The guitar itself is a very nice piece of work. The body is made from korina, an African hardwood which, according to PRS, offers better midrange frequency resonance than mahogany. It’s a simple double-cut design with a drop-top chamfer for player comfort over the upper rear bout. There’s also a ribcage chamfer around the back, so the guitar feels especially comfortable on a strap – perfect for putting in long hours in a Nashville studio. It’s also very light.
The rock maple neck is attached by a four-bolt-and-plate arrangement. The heel is quite big but this doesn’t overly restrict access, and the 22nd fret is still well within reach. Our test model has a maple fingerboard, but there’s also a rosewood option available. We love the all-maple feel; it’s fast and snappy, and the black-and-pearl bird inlays look very cool. The neck is quite chunky and has the PRS profile that shifts from a broad C to more of a V as you approach the first position; the character is definitely PRS. The 25.25″ scale gives ample tension and twang – it’s about halfway between the classic Gibson and Fender scales, offering a bit of both worlds and something original at the same time. If hardware can be sexy then the Phase III locking tuners with their exposed gears and black cap-locks are eye-candy, and so is the simple, well-designed PRS tremolo bridge. The tuning is rock solid.
In terms of gear Brent Mason is a bit of an fan of boost pedals, favouring the boutique touch with some subtle compression. A lot of the time he uses a modded ’65 Fender Bassman amp head or an early ’70s Fender Twin modded into a head. It’s a fairly simple rig to emulate, and the results are stunning. Mason already uses a couple of PRS guitars (a Paul’s Guitar and a Mike Mushok baritone) so what this signature model gives is the tonal palate and chiming attack of his Tele and the familiar PRS feel, all rolled into one.
There are so many great clean tones available from this guitar, it’s hard to know where to start. The basic bridge humbucker is rich, open and spanky without being too bright, while the neck pickup has a warm, jazzy character which doesn’t lose clarity or twang. The tone control circuit seems to be especially well-judged, so you can really fine-tune the nuance of the basic sounds. The coil taps work very well and, unusually, there’s little or no volume drop when you switch to single-coil mode; this is useful as you really can play with the switching musically and shift character emphasis, even mid-solo. The coil taps are also practical in that you can subtly change the out-of-phase voices of the bridge/middle and neck/middle pickup combinations.

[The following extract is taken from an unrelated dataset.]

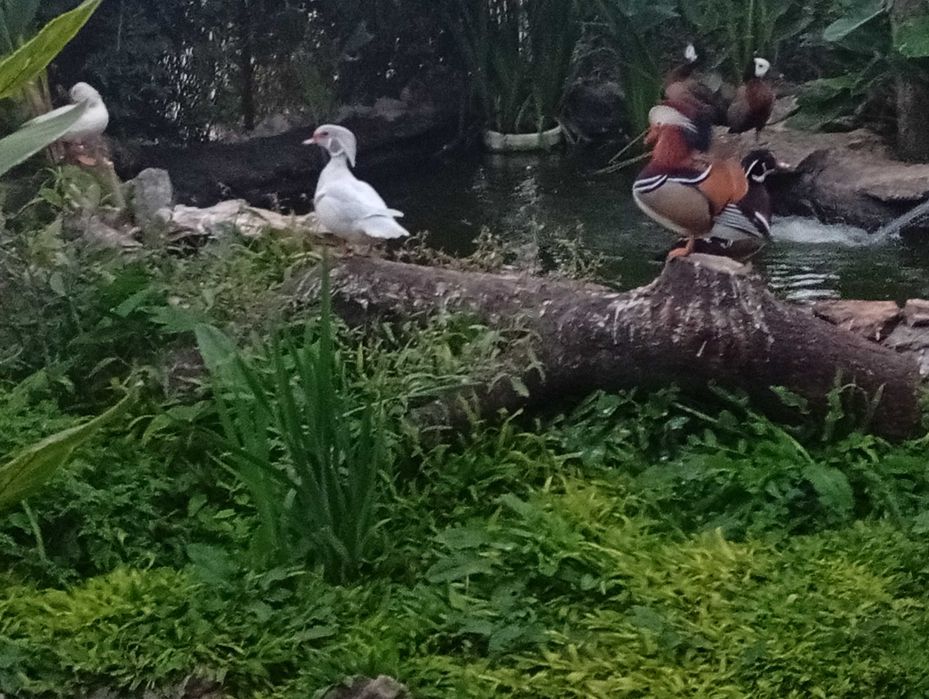 Vários patos para troca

Possibly the least interesting clean voice is the middle pickup on its own; it’s just a solid, clear single coil sound. However, this eventually gives one of my favourite overdrive voices: a very full-bodied Strat-like sound with a meaty, even response that’s great for leads or heavy chords. Using two boost pedals – one as a slight volume lift with a hint of compression and one to elevate the output into the break-up zone – turns this PRS into a country blues monster (and the precise-feeling vibrato comes in very handy). The Mason will do hard and heavy sounds, but you wouldn’t buy it for this alone; there are more appropriately-voiced PRS guitars. Add too much drive and the instrument loses its unique character and the sound becomes a little tone-choked around the midrange.
Another great guitar from PRS – and this time it’s a really different-sounding one. For clean blues, country, contemporary jazz and funk, the Brent Mason really shines. It’s an excellent studio guitar for creating layered parts. It isn’t a rock monster, but it was never designed to be; it loves a little amp break-up and mid-level distortion, and the clarity and overall articulation make it a great platform for effects. The build quality is superb – you’ll be hard-pressed to find a production line instrument built with better materials or hardware. The pickup combination adds a degree of flexibility that hasn’t been easily available before unless you chose to go completely custom and specify your own wiring choices… and it’s an especially tempting package when you find out that the street price may be as low as £1949.